DATASET EXTRACT:
- Opening Delimiter -

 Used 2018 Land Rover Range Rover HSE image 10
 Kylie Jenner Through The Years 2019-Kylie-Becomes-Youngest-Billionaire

- Closing Delimiter -
- Opening Delimiter -

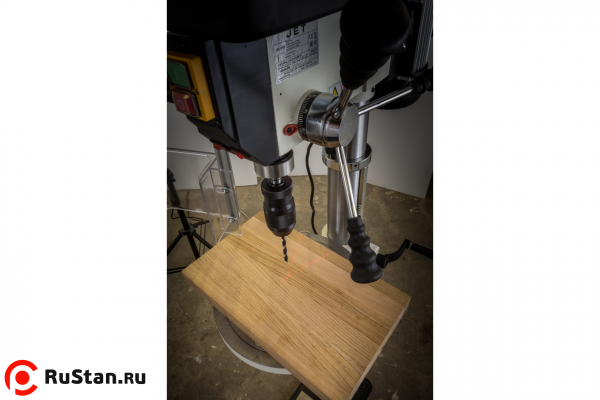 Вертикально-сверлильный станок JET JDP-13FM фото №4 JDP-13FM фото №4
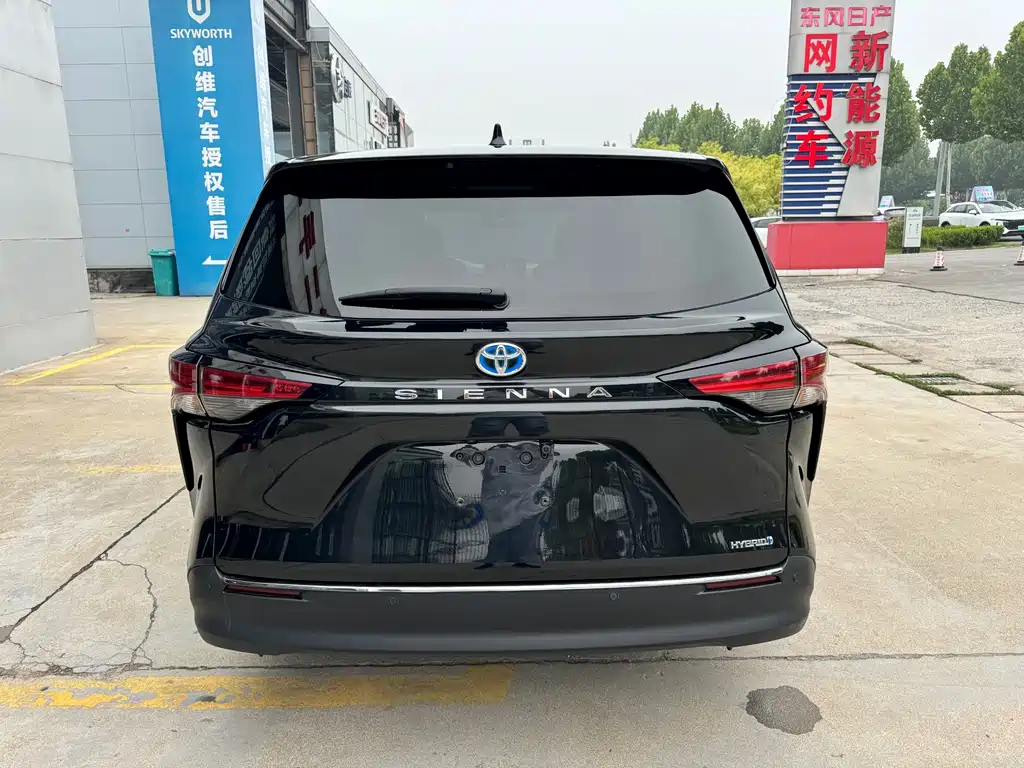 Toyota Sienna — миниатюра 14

- Closing Delimiter -

THE PROBLEM:
Taking the listing above as the source, transcribe only the lines starting at the line with "Used 2018 Land" and going through the line with "Kylie Jenner Through", unaltered and with both ends included.

REPLY:
 Used 2018 Land Rover Range Rover HSE image 10
 Kylie Jenner Through The Years 2019-Kylie-Becomes-Youngest-Billionaire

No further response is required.